HUntin 1, I know that SOME people won't shoot at a running deer, but that is the way I've grown up hunting them.

I feel more confident with a "close" (200 yards or less) running shot, than a long range stationary shot. That is just me though.

I would sure like to become proficient at long shots. The problem is that I rarely draw a buck tag. So I practice with my rifle very rarely.

I need a good coach also.


----------



## bchunter

I have to agree with plainsman shooting 500yds isn't very hard on calm days.I have a 4.5-14 on my 338 zero'd at 300yds and I use the hole duplex above where I want to hit at five hundred and I shoot a 4in group all you need to do is practice I found soft ball size oranges on dusty bank's worked good to start


----------



## Bobm

Tisk Tisk, all this unethical long range fruit and vegetable shooting. Do you cruel bastards realize you could be off a little and make a crippling stem shot.

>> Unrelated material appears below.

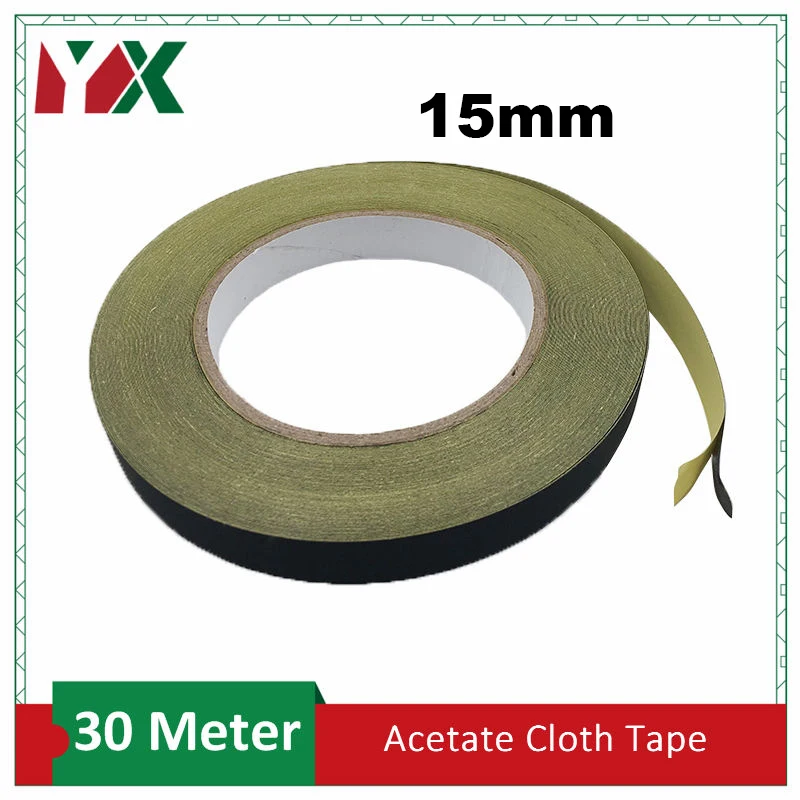 15 мм Черная Клейкая изоляционная ацетатная тканевая лента длиной 30 м для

I want you to just imagine how you would feel if you had your stems shot off, ouch!!! :lol: I have found mine to be very handy over the years, although not as useful as it was in my younger days :lol: :lol: :lol: :lol: I sure would miss it still.


----------



## Plainsman

Bobm

Ya, a head shot sure would be more humane.

Brad Anderson

I think running deer shots are how all of us grew up hunting in North Dakota. That is how hunt1 and I hunted for many years. Only in the past ten have we gone to long range hunting. Part of it was necessity, my knees are bad, and I just can't get out and walk like I did when I would jump and shoot bucks. The other reasons for our change was that we just wanted to do something different. I shoot deer five to forty yards with a bow, 20 to 100 with a 44 mag, and likewise with a muzzleloader. For many years I never used the same caliber or bullet type. Not because I didn't like my 30-06, or 270, or 243, or 45-70 etc etc I just liked trying something different. Now hunt1, longshot, and I sit on a hill with three rifles each on bipods, hot coffee, a big sack of cookies, and watch deer and hunters. It's enjoyable watching through the binocs as everyone walks past a smart old buck that we have watched bed down. We have watched fawns swim the river to avoid hunters, and coyotes chase fox. When I was young I didn't have the patience to sit, but I have found that it is entertaining to watch what happens when people and animals are oblivious to your presence. Try it for one season, I think it will change the way you hunt. Not that it will make you sit next year, but it may change how you approach a valley, or clump of trees. Over the years I have learned as much watching people do things wrong as I have watching them do things right and sitting watching other hunters is enlightening.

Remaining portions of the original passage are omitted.